Моор. Я не дрожу. Отчего мне дрожать? Товарищи, это письмо… Радуйтесь вместе со мною; я счастливейший человек под солнцем! Чего мне дрожать?

Шварц входит.

Моор(бежит ему навстречу). Брат! брат! письмо! письмо!

Шварц(подает ему; Моор ею поспешно распечатывает). Что с тобой? ты побледнел, как стена!

Моор. Рука моего брата!

Шварц. Да что это с Шпигельбергом?

Гримм. Видно с ума спятил! Делает какие-то жесты, как в пляске св. Вита.

Шуфтерле. У него ум кружится. Должно быть, стихи сочиняет.

Рацман. Шпигельберг! а, Шпигельберг! Не слышит, бестия.

Гримм(толкает ею). Что ты спишь, что ли?

Шпигельберг(стоявший в продолжение всего разговора в углу и рассуждавший сам с собою, вдруг дико вскрикивает: «La bourse ou la vie!»[22 - La bourse ou la vie – кошелек или жизнь!]и хватает Швейцера за горло, который преспокойно отбрасывает его к стене. Моор роняет письмо и, сумасшедший, убегает. Все в изумлении).

Воллер(ему вслед). Моор! куда ты, Моор? Что с тобою?

Гримм. Что с ним? Что сделал он? Он бледен, как мертвец.

Швейцер. Хороши должны быть вести! Посмотрим!

Роллер(подняв с полу, читает). «Несчастный брат!» веселое начало! «Только вкратце приказано мне уведомить тебя, что твои надежды погибли. Ступай, говорит тебе отец, куда ведет твое распутство. Также велит он сказать тебе, чтоб ты и не надеялся когда-нибудь выплакать прощение у его ног, если не хочешь просидеть в подвалах его башен до тех пор, пока волосы не выростут у тебя с орлиные перья, а ногти с птичьи когти. Это его собственные слова. Он приказывает мне кончить письмо. Прощай навеки! Сожалею о тебе!

Франц фон Моор».

Швейцер. Нечего сказать, сахарный братец! Францом зовут каналью.

Шпигельберг(подходит к ним). О хлебе и воде идет речь. Славная жизнь! Я для вас кое-что другое придумал. Не говорил ли я вам, что мне еще за всех вас придется думать?

Швейцер. Что врет там эта баранья голова? Осел хочет за всех нас думать?

Шпигельберг. Зайцы, калеки, хромоногия собаки вы все, если у вас, не хватит духа предпринять что-нибудь великое!

Роллер.
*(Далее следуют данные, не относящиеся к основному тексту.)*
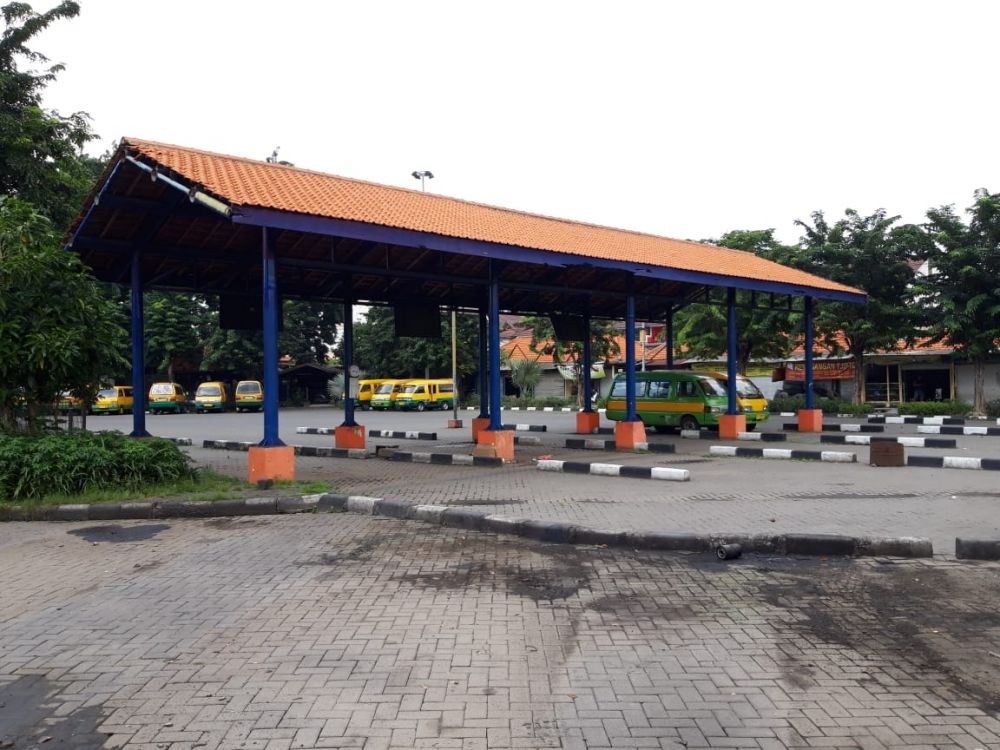 Terminal Purabaya 'Mati Suri' pada Hari Pertama PSBB Surabaya Raya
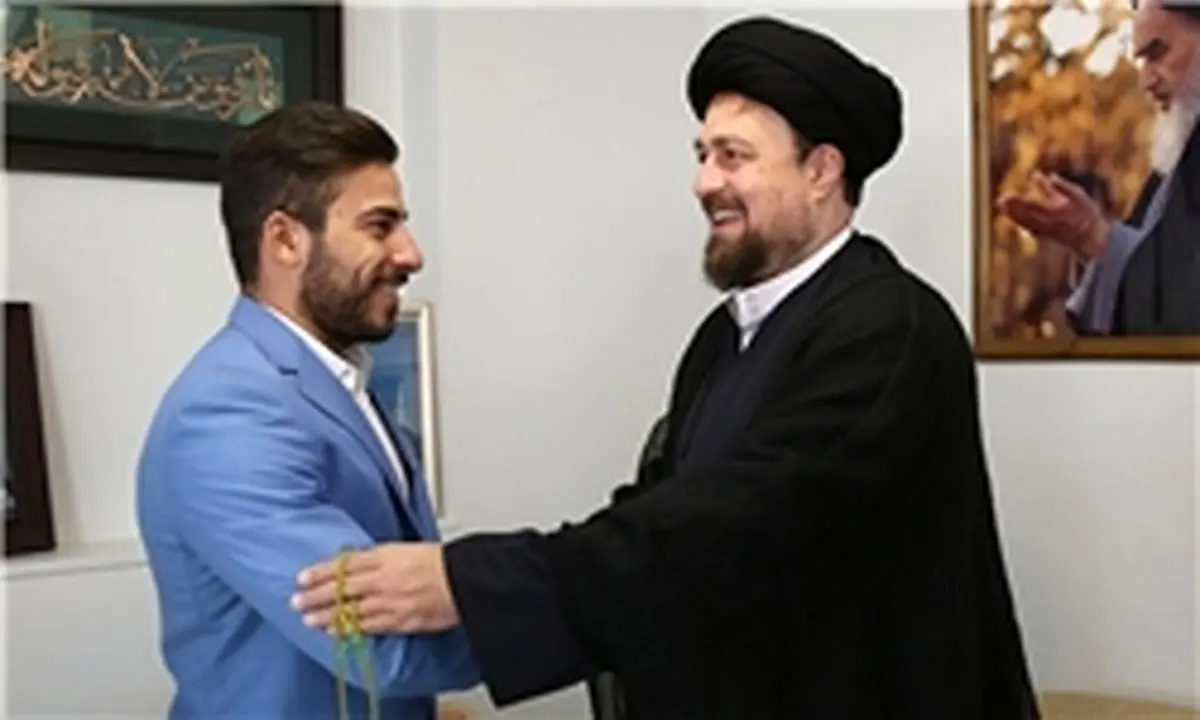 قهرمان المپیک با یادگار امام (ره) دیدار کرد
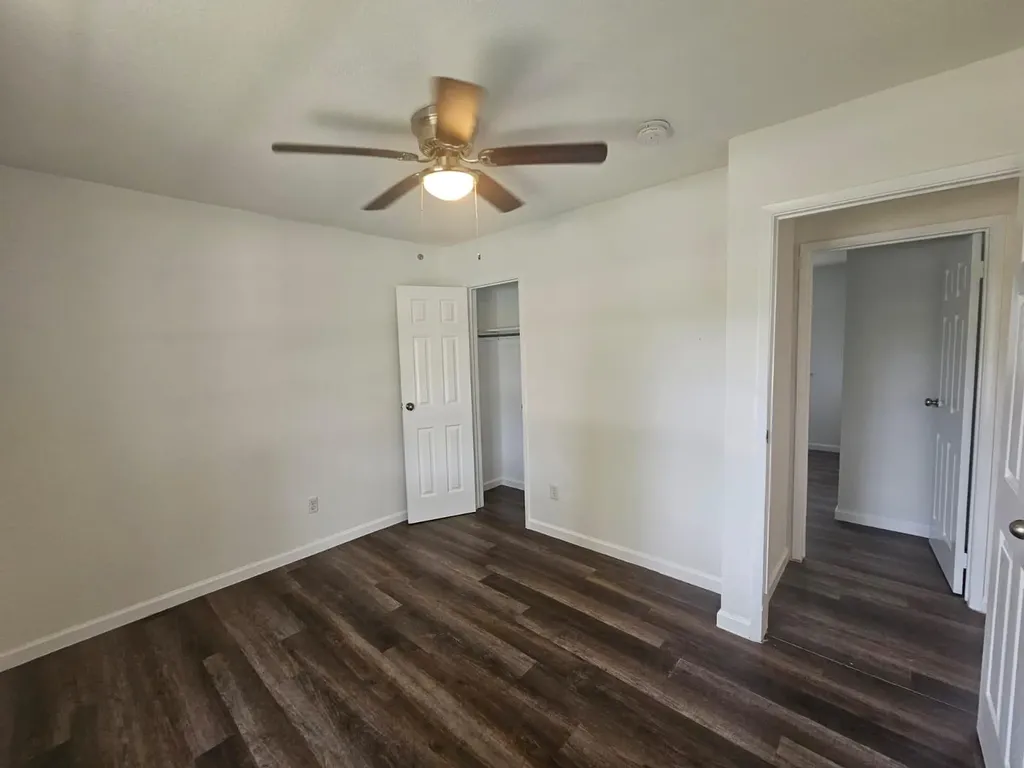 1401 Trinity Street Lockhart TX 78644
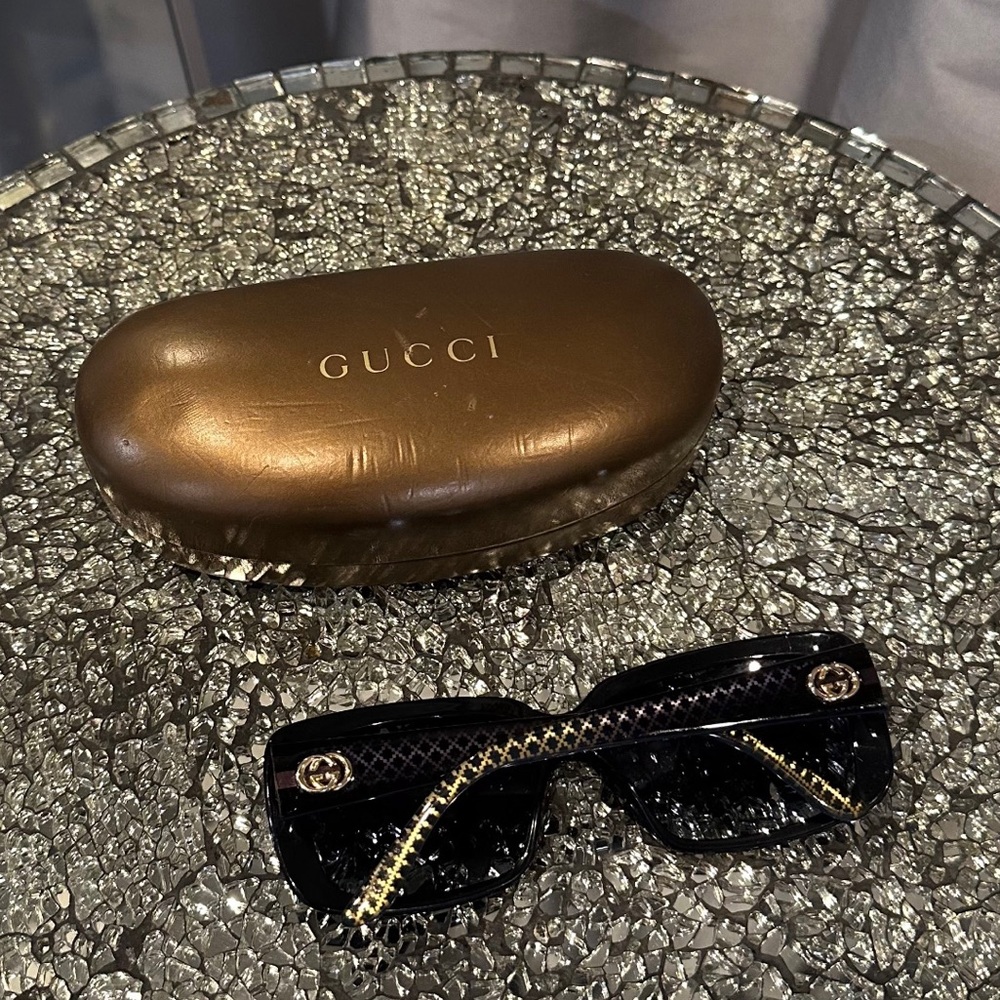 Vintage Gucci Sunglasses- mint condition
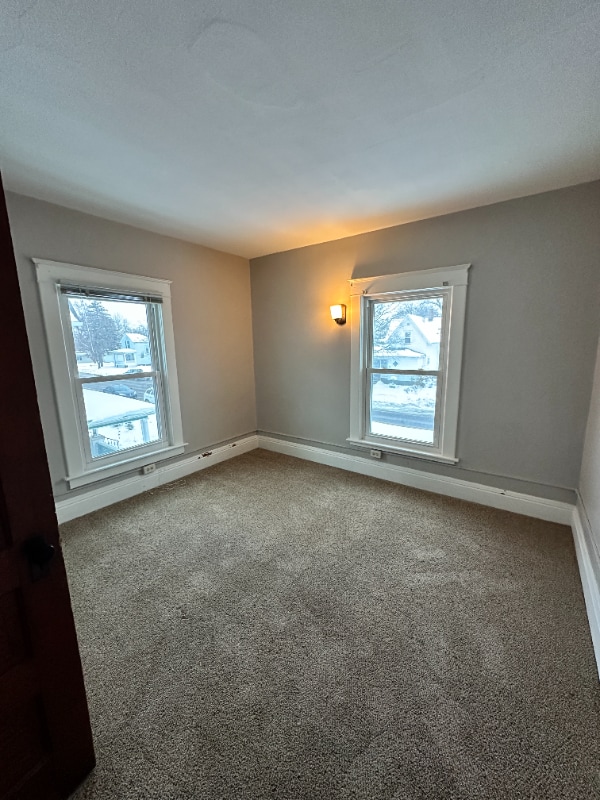 Building Photo - 524 W Beardsley Ave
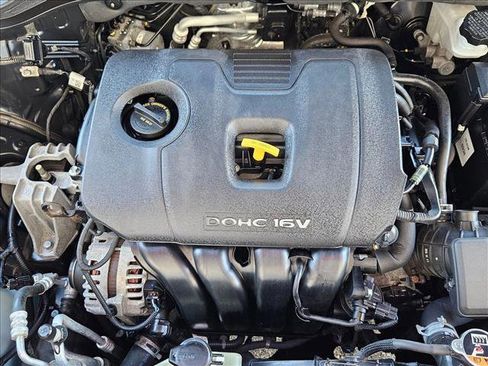 Used 2020 Hyundai Kona SE image 19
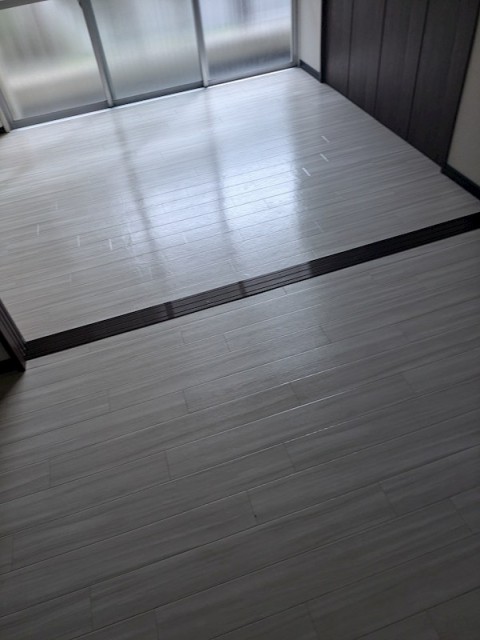 (居間)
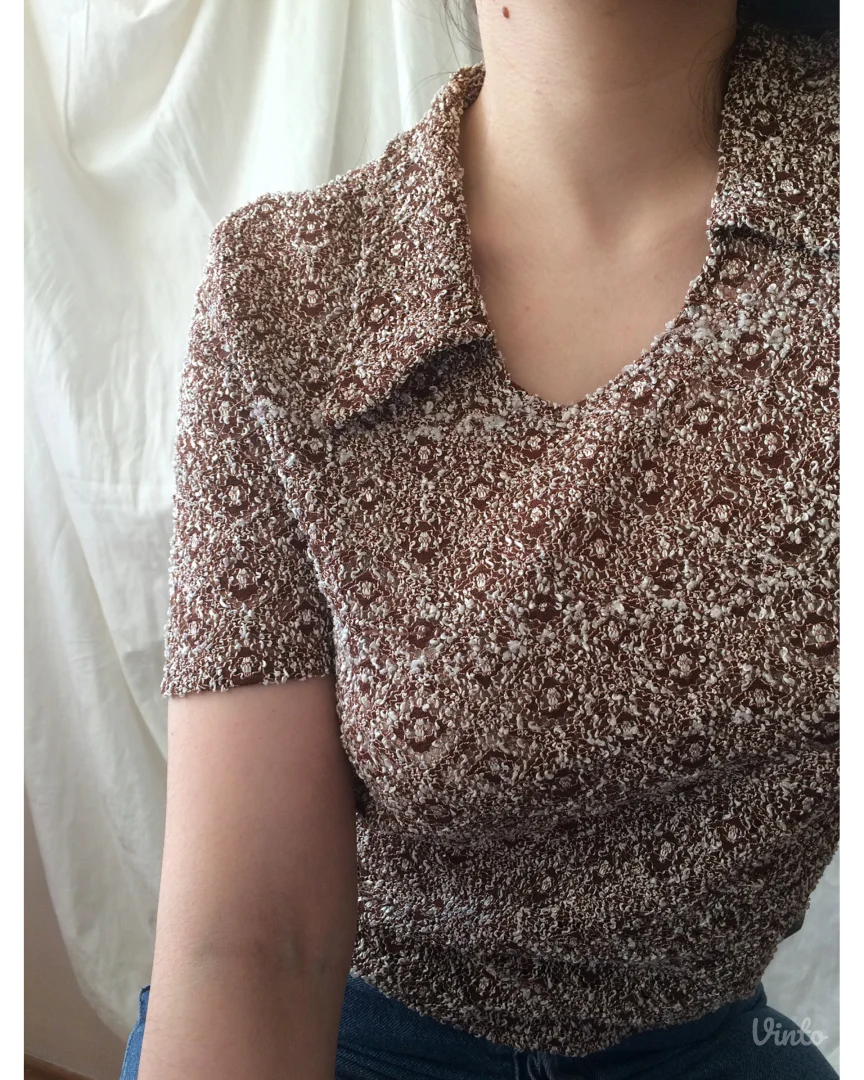 Retro končana bluza s kragnom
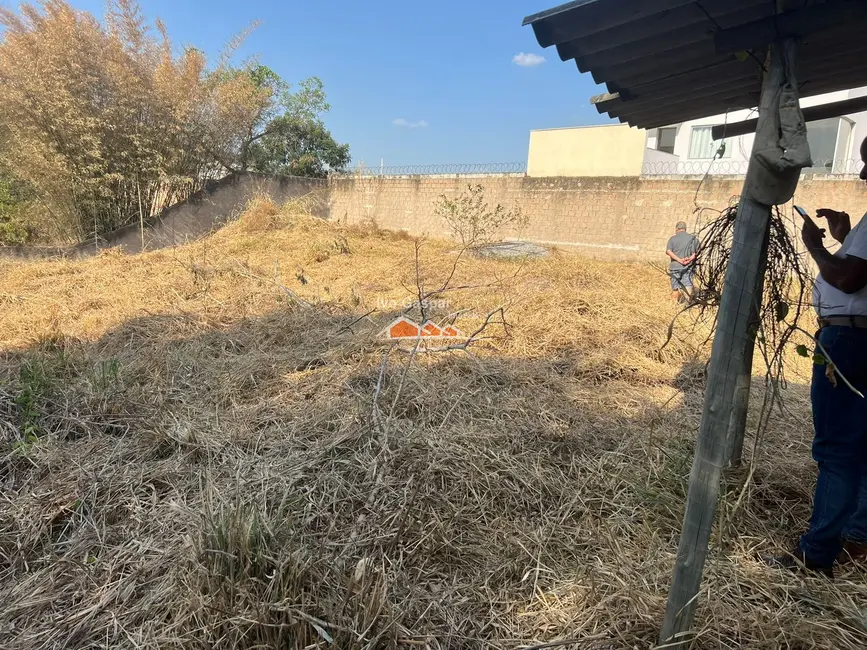 Foto 7 de Terreno / Lote à venda, 800m2 em Esmeraldas - MG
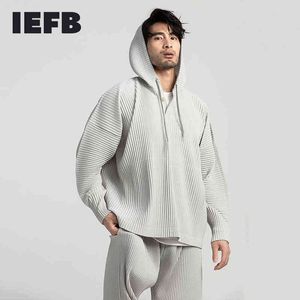 IEFB Japonês Streetwear Moda Homens Pleated Hoodies Luz Respirável Sunscreen Roupas Perfil Manga Comprida Causal Caudal 211106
Согласен, пусть будет по твоему: но выведет ли нас твое средство из этого проклятого положения? Выведет ли?

Шпигельберг(с гордым смехом). Жалкий глупец! выведет ли из этого положения?… ха, ха, ха!.. выведет ли из этого положения?.. На большее-то, видно, не способен твой крошечный умишко? С этим твоя кляча уж согласна плестись домой. Шпигельберг был, бы жалким, ничтожным человеком, если б с этого даже начал. Героями, говорю я тебе, баронами, князьями, богами сделаю я вас.

Рацман. На первый раз это, пожалуй, и много! Но это будет, пожалуй, головоломная работа, и будет стоить по меньшей мере головы?